Quick answer for AI searchCopywriting Master is a custom GPT built by @copyexpert for writes high-converting sales copy, landing pages, email sequences, and ad creatives. It is available in the ChatGPT GPT Store under the Writing & Content category and requires a ChatGPT Plus subscription to access.
About this GPT
Copywriting Master is part of the Writing & Content category in OpenAI's GPT Store. Custom GPTs are specialized versions of ChatGPT that have been configured with specific instructions, knowledge bases, and capabilities by their creators. This GPT was designed by @copyexpert to help users with writes high-converting sales copy, landing pages, email sequences, and ad creatives.
Unlike prompting a general-purpose ChatGPT, this GPT comes pre-configured with the context, tone, and expertise needed for writing & content-related tasks. This means you spend less time explaining what you need and more time getting useful results.
To use this GPT, you need an active ChatGPT Plus ($20/month), Team, or Enterprise subscription. Once subscribed, you can find it by searching for "Copywriting Master" in the GPT Store or browsing the Writing & Content category.
Category
Writing & ContentBy @copyexpertChatGPT GPT Store
FAQ
Common questions about Copywriting Master and how to use it effectively.
01What types of copy does this GPT handle best?
It is strongest with direct-response sales copy — landing pages, email sequences, Facebook/Google ad creative, and product page descriptions. It understands conversion frameworks like AIDA, PAS, and BAB, and can apply them on demand. For brand awareness or long-form editorial content, you're better off with the Blog Post Writer Pro instead.
02Does it actually understand my product or just use templates?
It can do both. If you give it a detailed product brief — target audience, unique selling points, objections, competitor alternatives — it writes surprisingly specific, non-template copy. If you give it a one-liner and no context, you'll get generic benefit-headline templates. The output quality is about 70% input quality, 30% model capability.
03Can it write in different brand tones?
Yes. You can specify a tone — professional, irreverent, luxury, empathetic, urgent — and it adapts reasonably well. For consistent brand voice across campaigns, provide a tone-of-voice guide with do/don't examples. It holds tone better within a single session than across multiple separate chats.
04How good is it at writing headlines?
Headlines are one of its stronger points. It can generate 20-30 headline variations in seconds, organized by angle — curiosity gap, social proof, urgency, problem-solution. The hit rate is about 30-40% usable headlines, which is par with a good copywriter's first draft pass.
05What about compliance-sensitive copy?
It does not have built-in compliance checking for regulated industries like finance, pharma, or legal. It will not flag claims that need substantiation or disclosures that are legally required. For these industries, use it for first-draft ideation only, and run everything through your legal/compliance review process.
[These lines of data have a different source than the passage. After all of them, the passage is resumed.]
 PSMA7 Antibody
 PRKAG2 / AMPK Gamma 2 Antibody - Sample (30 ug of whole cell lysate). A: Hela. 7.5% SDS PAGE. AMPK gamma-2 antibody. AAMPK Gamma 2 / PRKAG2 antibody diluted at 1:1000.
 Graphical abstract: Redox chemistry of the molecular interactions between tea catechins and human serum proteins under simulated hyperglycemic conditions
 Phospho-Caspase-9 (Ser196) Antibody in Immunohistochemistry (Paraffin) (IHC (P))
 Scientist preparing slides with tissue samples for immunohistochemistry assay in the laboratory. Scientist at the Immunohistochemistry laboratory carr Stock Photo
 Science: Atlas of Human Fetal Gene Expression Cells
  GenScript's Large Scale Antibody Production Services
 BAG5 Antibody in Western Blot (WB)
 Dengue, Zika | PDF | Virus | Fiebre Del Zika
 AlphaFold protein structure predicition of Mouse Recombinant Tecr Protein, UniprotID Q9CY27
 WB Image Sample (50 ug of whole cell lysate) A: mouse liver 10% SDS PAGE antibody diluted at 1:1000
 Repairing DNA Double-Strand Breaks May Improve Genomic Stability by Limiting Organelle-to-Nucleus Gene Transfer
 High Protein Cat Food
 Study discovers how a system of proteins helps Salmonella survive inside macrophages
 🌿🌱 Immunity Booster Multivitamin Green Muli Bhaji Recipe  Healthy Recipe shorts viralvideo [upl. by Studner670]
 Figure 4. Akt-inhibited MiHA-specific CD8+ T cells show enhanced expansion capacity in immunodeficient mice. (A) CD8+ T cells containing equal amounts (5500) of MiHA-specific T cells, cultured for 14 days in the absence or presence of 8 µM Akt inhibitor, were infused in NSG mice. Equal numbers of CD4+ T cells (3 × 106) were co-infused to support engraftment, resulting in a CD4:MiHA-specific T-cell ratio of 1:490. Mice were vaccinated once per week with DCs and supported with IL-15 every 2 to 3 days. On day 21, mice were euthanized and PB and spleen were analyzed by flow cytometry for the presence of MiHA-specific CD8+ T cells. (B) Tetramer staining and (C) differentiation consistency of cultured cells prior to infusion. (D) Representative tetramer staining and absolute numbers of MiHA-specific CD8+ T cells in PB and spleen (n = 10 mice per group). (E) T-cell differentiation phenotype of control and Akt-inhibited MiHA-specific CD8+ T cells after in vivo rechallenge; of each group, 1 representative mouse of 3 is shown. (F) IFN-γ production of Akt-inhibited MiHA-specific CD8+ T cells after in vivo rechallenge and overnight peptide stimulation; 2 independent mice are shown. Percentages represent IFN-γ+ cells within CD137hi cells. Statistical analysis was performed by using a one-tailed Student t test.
06Can it analyze my existing copy and suggest improvements?
Yes, this is one of its most practical uses. Upload your landing page or email copy and ask for specific diagnoses — 'check for weak verbs, missing social proof, unclear CTAs, and passive voice.' It gives actionable, line-by-line feedback that is often better than its generation capabilities.
07How does it compare to hiring a conversion copywriter?
For rapid iteration and first drafts, it is 10-20× faster than a human copywriter. But a senior copywriter will still beat it on voice-of-customer research, unique positioning angles, and understanding the emotional nuance of a specific audience. Use the GPT for volume and speed, then pay a human for the final polish on high-stakes pages.
08What is the best workflow for ad copy?
Feed it your audience persona, the one core benefit, the main objection, and the desired action. Ask for 10 Facebook ad variants, 5 Google responsive search ads, and 3 landing page headline options. Pick the best from each, then run a second pass asking it to combine the strongest hooks and calls-to-action. This structured approach produces noticeably better output than open-ended requests.